Totalitarian countries are often the scene of cruel social experiments that deeply hurt their citizens, and one of them is the Chinese regime’s rigid birth control policy in China.

This now generates a humanitarian crisis that plagues millions of children and adolescents, victims of abandonment who suffer in the flesh, the consequences of hunger, malnutrition, and a long series of mistreatment and abuse of their basic human rights. 

“The orphanages of death”

Some pioneers in publicizing the inhumane situation that causes suffering to orphaned and abandoned children under the Communist Party of China (CCP) are investigative journalists Kate Blewett and Brian Woods.

Blewett, Woods, and cameraman Peter Woolridge traveled undercover in China and filmed in 1995 what became known as the “orphanages of death,” where they found “severe abuse and neglect.”

Kate recounted, “It was the smell which hit us first, the eye-watering stench and then the eerie silence.” 

She continued, “Babies were smothered under heavy blankets, toddlers tied up with their legs splayed over makeshift potties and not one of them made a sound.
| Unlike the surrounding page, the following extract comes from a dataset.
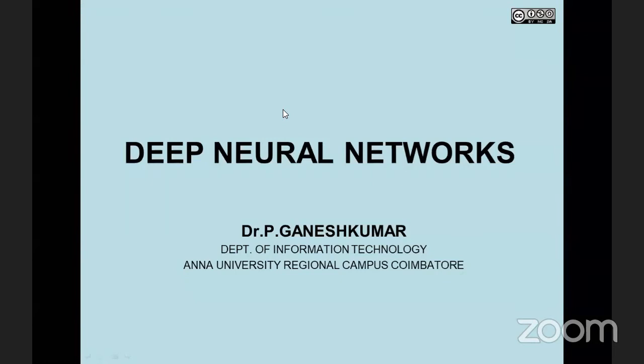In yesterday's morning session, I gave you the presentation titled 'Shallow Neural Network.' The first day's presentation was titled 'Basic or Primitive Neural Network Models.' Those are all the historical developments in artificial neural networks — from primitive to shallow model, and from shallow model to the latest deep model.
They had given up crying as they knew no one would come. They all rocked relentlessly, their only form of stimulation..”

While that was the prevailing scenario in the poorer orphanages, the most heartbreaking situations were found in one of the better-located ones in a wealthy suburb of Guangdong City, Canton Province.  

They were very depressed to find, in the absence of the ‘caretakers,’ the ‘death rooms,’ where children were left to starve to death. There they took pity on a little girl they called Mei Ming. 

“The staff did not go in there. When I ventured in I saw this poor baby girl, her face shrunken to a skull, so close to death.,” explained Kate, about the girl featured in her documentary The Dying Rooms. 

The researchers overcame their revulsion and filmed the dying girl. “Documenting it was painful, but we had to do it to reveal the institutionalised cruelty and murder of girls,” Kate argued. 

The researchers’ global impact from their documentary was so significant that it sparked a groundswell of people interested in adopting Chinese children. They also created a foundation to raise funds to help them. 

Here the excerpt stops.